E, mesmo a cair o pano da entrevista, Fernando Medina diz que ouviu com “naturalidade” as declarações de Marcelo Rebelo de Sousa de que o ministro tem de olhar para trás para ver se há algo suscetível de criar problemas. “Eu exerço funções públicas há cerca de duas décadas, tomei dezenas de milhares de decisões, tenho a convicção de que sempre tomei decisões orientadas na defesa do interesse público e na defesa da legalidade”. Para Medina, o Presidente faria essas declarações “ genericamente sobre outra pessoa”.

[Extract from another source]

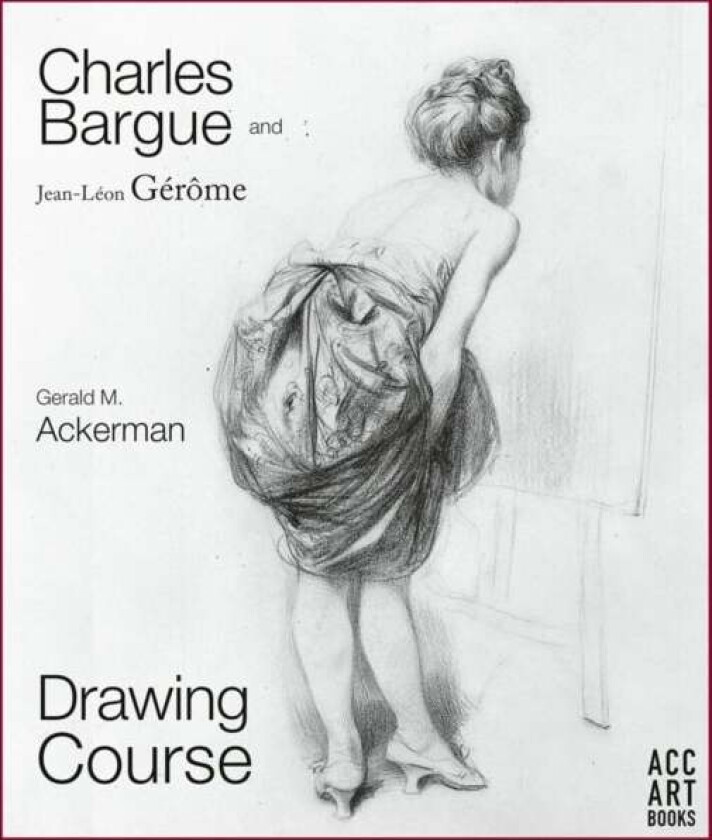 Charles Bargue and Jean-Leon Gerome av Gerald M. Ackerman, Graydon Parrish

Quanto à investigação na Procuradoria Geral da República a contratos feitos na Câmara de Lisboa quando foi presidente, Medina garantiu, agora, à RTP que ainda não lhe foi solicitado qualquer esclarecimento por parte da PGR. Medina declarou em janeiro que iria solicitar à PGR que “possa ser ouvido para prestar todos os esclarecimentos que o Ministério Pública entenda”.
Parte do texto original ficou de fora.